| WORK REQUEST |
Take the lines below from the one with "<p>Urea agar test</p>" through the one with "法令纹深显老十岁怎么解决,法令纹真的可以靠五招改善吗" and print only them, exactly. Don't print the pictures.
MATERIAL PROVIDED START
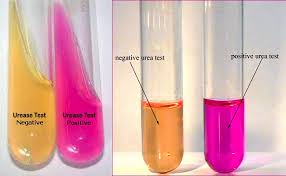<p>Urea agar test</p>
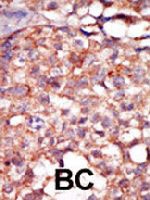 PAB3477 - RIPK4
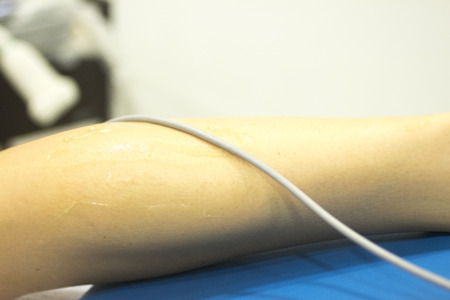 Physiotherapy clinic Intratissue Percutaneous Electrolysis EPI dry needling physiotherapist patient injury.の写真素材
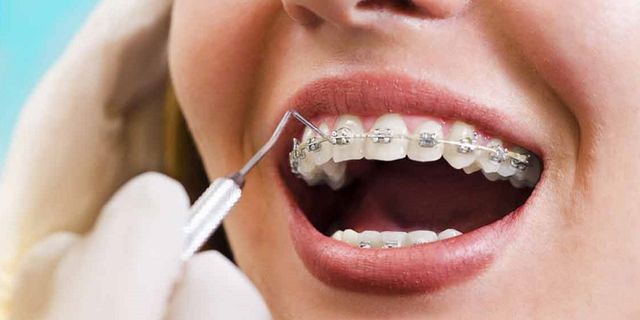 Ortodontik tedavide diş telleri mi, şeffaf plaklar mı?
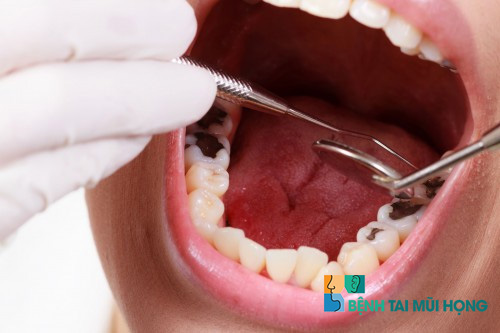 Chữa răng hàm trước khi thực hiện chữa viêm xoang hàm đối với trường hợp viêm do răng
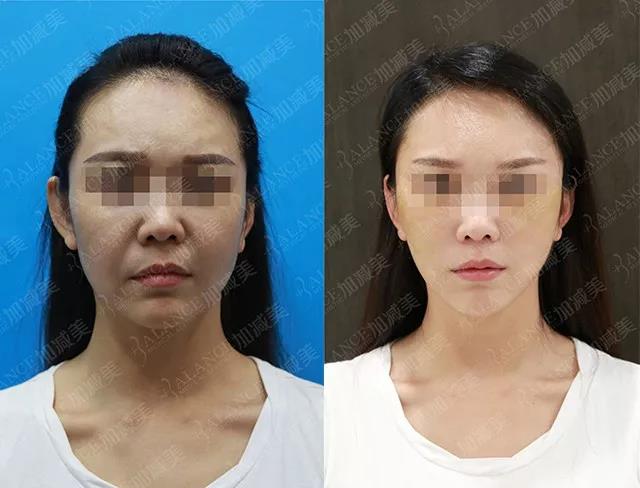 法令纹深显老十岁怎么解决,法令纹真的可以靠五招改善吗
MATERIAL PROVIDED END
MATERIAL PROVIDED START
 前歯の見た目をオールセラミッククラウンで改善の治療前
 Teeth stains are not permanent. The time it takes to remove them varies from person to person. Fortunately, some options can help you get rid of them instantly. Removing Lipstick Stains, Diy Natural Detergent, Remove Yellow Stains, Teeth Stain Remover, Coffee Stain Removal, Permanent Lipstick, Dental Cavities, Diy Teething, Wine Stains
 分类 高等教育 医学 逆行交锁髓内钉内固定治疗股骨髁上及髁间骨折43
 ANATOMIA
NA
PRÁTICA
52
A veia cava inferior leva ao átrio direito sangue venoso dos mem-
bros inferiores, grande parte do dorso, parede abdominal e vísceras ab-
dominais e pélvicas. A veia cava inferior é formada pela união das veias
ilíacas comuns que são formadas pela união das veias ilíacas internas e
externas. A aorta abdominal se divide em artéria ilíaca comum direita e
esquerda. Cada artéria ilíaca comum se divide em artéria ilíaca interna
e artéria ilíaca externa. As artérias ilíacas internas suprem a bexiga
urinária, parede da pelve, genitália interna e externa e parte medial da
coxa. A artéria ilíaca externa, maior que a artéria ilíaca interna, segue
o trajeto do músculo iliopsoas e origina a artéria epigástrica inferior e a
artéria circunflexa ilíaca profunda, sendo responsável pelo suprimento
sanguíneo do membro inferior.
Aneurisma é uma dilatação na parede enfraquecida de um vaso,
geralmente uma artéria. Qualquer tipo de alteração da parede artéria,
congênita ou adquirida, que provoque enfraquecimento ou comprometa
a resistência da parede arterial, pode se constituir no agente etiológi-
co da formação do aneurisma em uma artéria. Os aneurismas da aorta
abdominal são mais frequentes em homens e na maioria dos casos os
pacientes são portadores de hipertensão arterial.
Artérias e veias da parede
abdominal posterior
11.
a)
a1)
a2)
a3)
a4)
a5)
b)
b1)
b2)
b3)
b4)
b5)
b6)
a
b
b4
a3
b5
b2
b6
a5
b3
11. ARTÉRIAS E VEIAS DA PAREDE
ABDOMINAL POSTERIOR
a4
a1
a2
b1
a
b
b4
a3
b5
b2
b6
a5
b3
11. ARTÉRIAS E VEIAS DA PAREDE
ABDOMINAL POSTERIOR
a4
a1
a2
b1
MATERIAL PROVIDED END
MATERIAL PROVIDED START
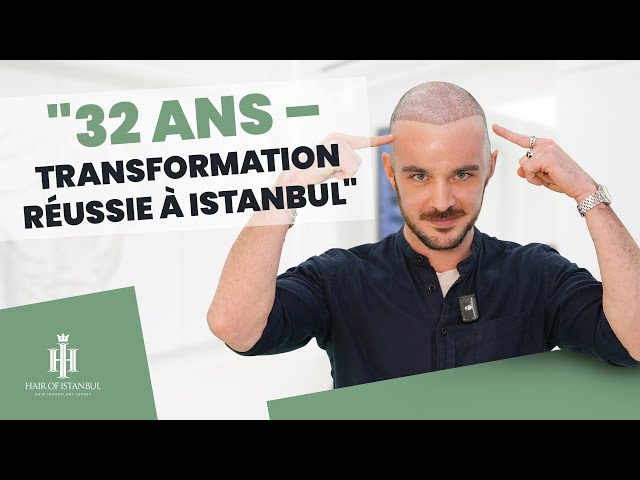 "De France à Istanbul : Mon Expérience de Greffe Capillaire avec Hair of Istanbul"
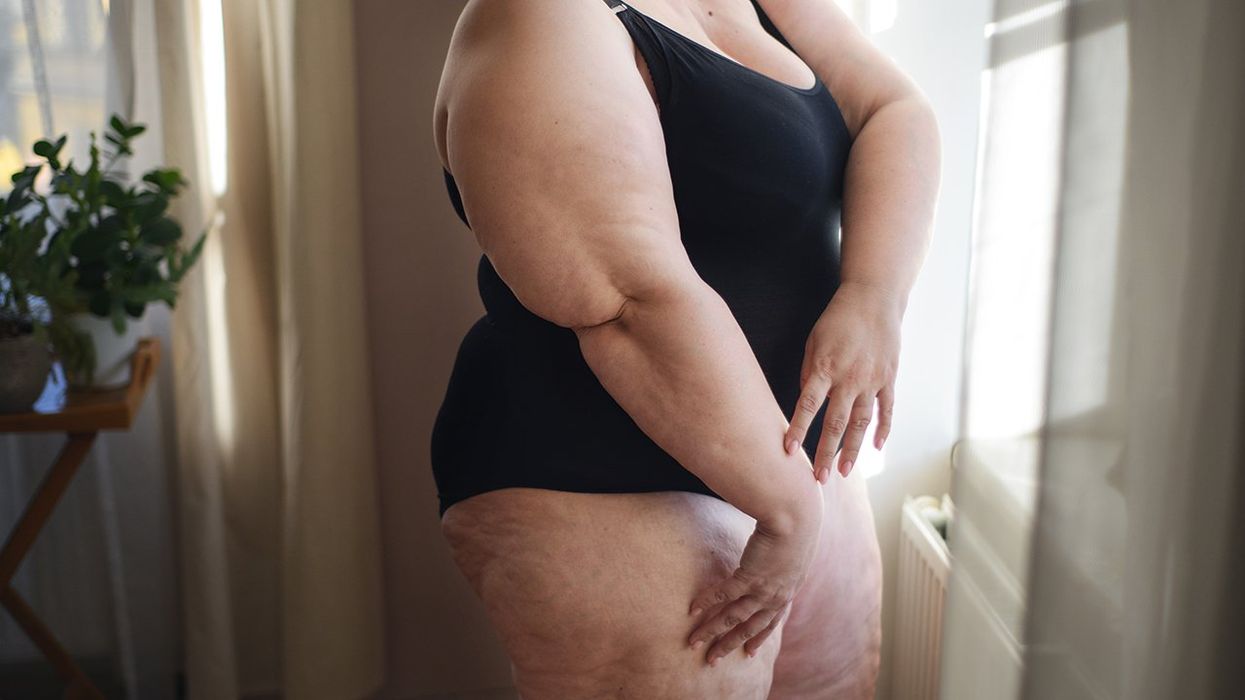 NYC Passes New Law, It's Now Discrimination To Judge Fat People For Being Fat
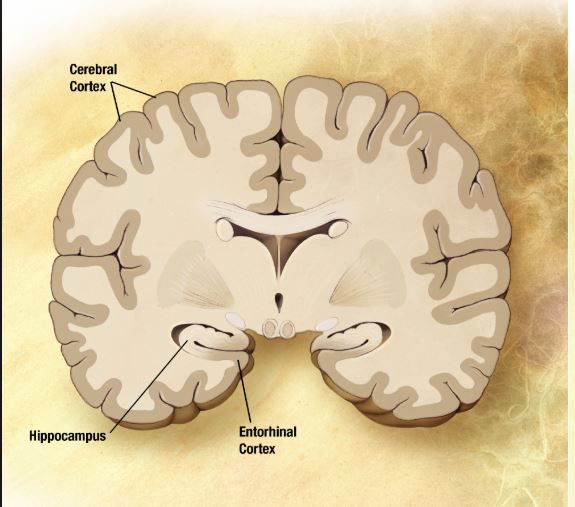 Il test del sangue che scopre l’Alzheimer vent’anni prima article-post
MATERIAL PROVIDED END
| OUTPUT OF THE TASK |
<p>Urea agar test</p>
 PAB3477 - RIPK4
 Physiotherapy clinic Intratissue Percutaneous Electrolysis EPI dry needling physiotherapist patient injury.の写真素材
 Ortodontik tedavide diş telleri mi, şeffaf plaklar mı?
 Chữa răng hàm trước khi thực hiện chữa viêm xoang hàm đối với trường hợp viêm do răng
 法令纹深显老十岁怎么解决,法令纹真的可以靠五招改善吗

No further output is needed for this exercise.